You are viewing a plain text version of this content. The canonical link for it is here.
Posted to users@zeppelin.apache.org by Sourav Mazumder <so...@gmail.com> on 2015/10/20 15:54:32 UTC

Cannot use arbitrary external jar files in spark_submit through Zeppelin - should be fixed

Looks like right now there is no way one can pass additional jar files to
spark_submit from Zeppelin.The same works fine if I am not using
spark_submit option (by not specifying spark_home).

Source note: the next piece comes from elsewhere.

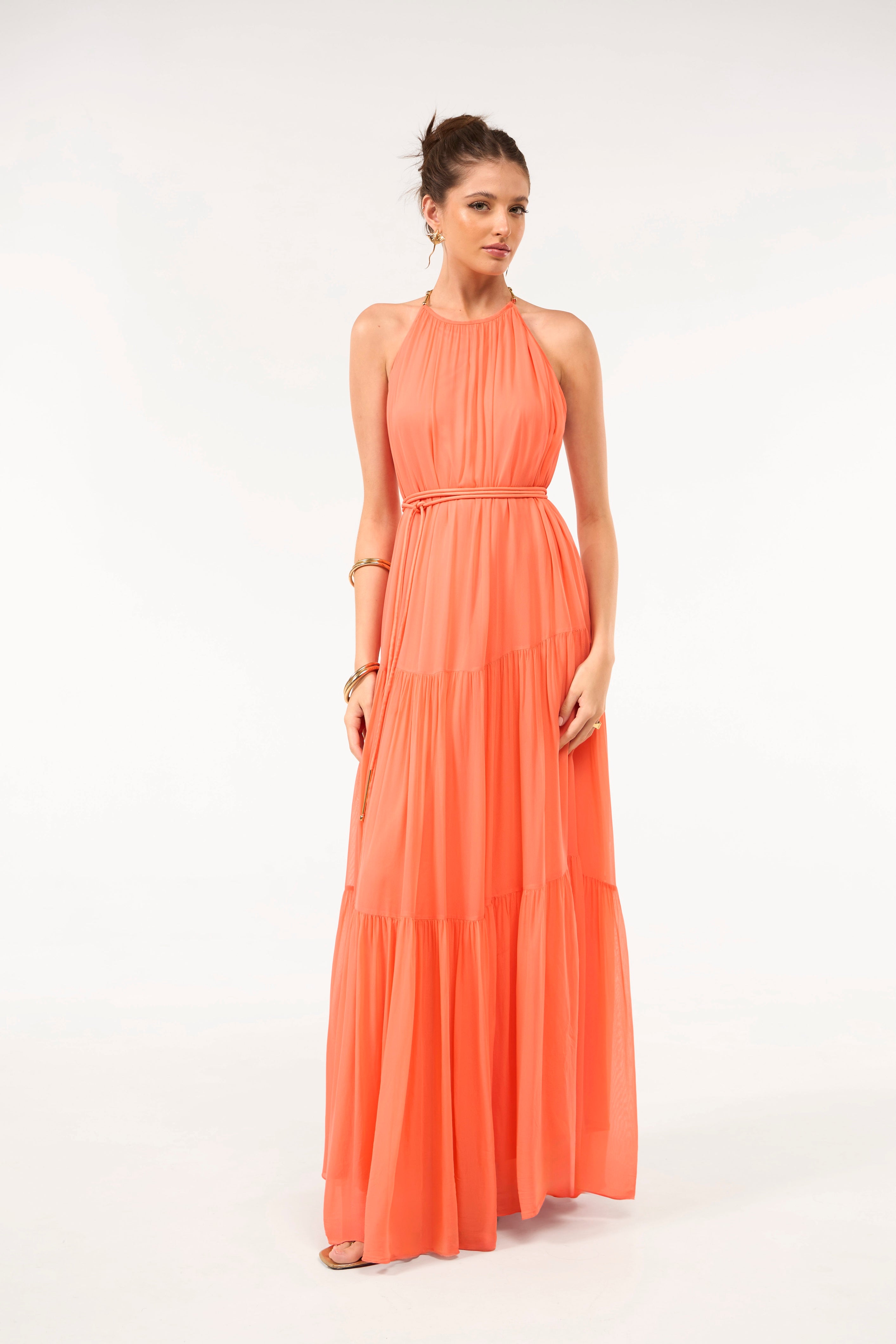 SK Orange Long Dress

When I checked the code interpreter.sh I found that for the class path it
only passes the zeppelin-spark*.jar available in
zeppelin_home/interpreter/spark directory.

I suggest to put this as a bug/enhancement. The solution should be pretty
easy by making some small changes in interpreter.sh (I've done the same and
could make it work with some external_lib folder under
zeppelin_home/interpreter/spark directory).

Regards,
Sourav

Re: Cannot use arbitrary external jar files in spark_submit through Zeppelin - should be fixed

Posted by Sourav Mazumder <so...@gmail.com>.
Thanks a lot Moon. This works.

Regards,
Sourav

On Tue, Oct 20, 2015 at 6:52 PM, moon soo Lee <mo...@apache.org> wrote:

> Sourav,
>
> There're couple of ways to add external jar when Zeppelin (0.6.0-SNAPSHOT)
> uses spark-submit command.
>
> 1. Using %dep interpreter, as Vinay mentioned.
>     eg)
>        %dep
>         z.load("group:artifact:version")
>
>         %spark
>         import ....
>
> 2. By adding spark.files property at SPARK_HOME/conf/spark-defaults.conf
>      eg)
>         spark.files  /path/to/my.jar
>
> 3. By exporting SPARK_SUBMIT_OPTIONS env variable in
> ZEPPELIN_HOME/conf/zeppelin-env.sh
>      eg)
>         export SPARK_SUBMIT_OPTIONS="--packages group:artifact:version"
>      note) does not work for pyspark yet.
> https://issues.apache.org/jira/browse/ZEPPELIN-339
>
> Hope this helps.
>
> Best,
> moon
>
> On Wed, Oct 21, 2015 at 12:55 AM Vinay Shukla <vi...@gmail.com>
> wrote:
>
>> Saurav,
>>
>>
>> Agree this would be a useful feature. Right now Zeppelin can import
>> dependencies from Maven with %dep interpreter. But this does not understand
>> spark-packages.
>>
>>
>> -Vinay
>>
>>
>> On Tue, Oct 20, 2015 at 6:54 AM, Sourav Mazumder <
>> sourav.mazumder00@gmail.com> wrote:
>>
>>> Looks like right now there is no way one can pass additional jar files
>>> to spark_submit from Zeppelin.The same works fine if I am not using
>>> spark_submit option (by not specifying spark_home).
>>>
>>> When I checked the code interpreter.sh I found that for the class path
>>> it only passes the zeppelin-spark*.jar available in
>>> zeppelin_home/interpreter/spark directory.
>>>
>>> I suggest to put this as a bug/enhancement. The solution should be
>>> pretty easy by making some small changes in interpreter.sh (I've done the
>>> same and could make it work with some external_lib folder under
>>> zeppelin_home/interpreter/spark directory).
>>>
>>> Regards,
>>> Sourav
>>>
>>
>>

Re: Cannot use arbitrary external jar files in spark_submit through Zeppelin - should be fixed

Posted by lisak <li...@gmail.com>.
Hi,

the problems with %deps were varying error messages about that it shouldn't
be executed before %spark interpreter and also it seemed to me that it was
always working for the first time and if I ran it for second time I got
weird errors about different content in jvm classes...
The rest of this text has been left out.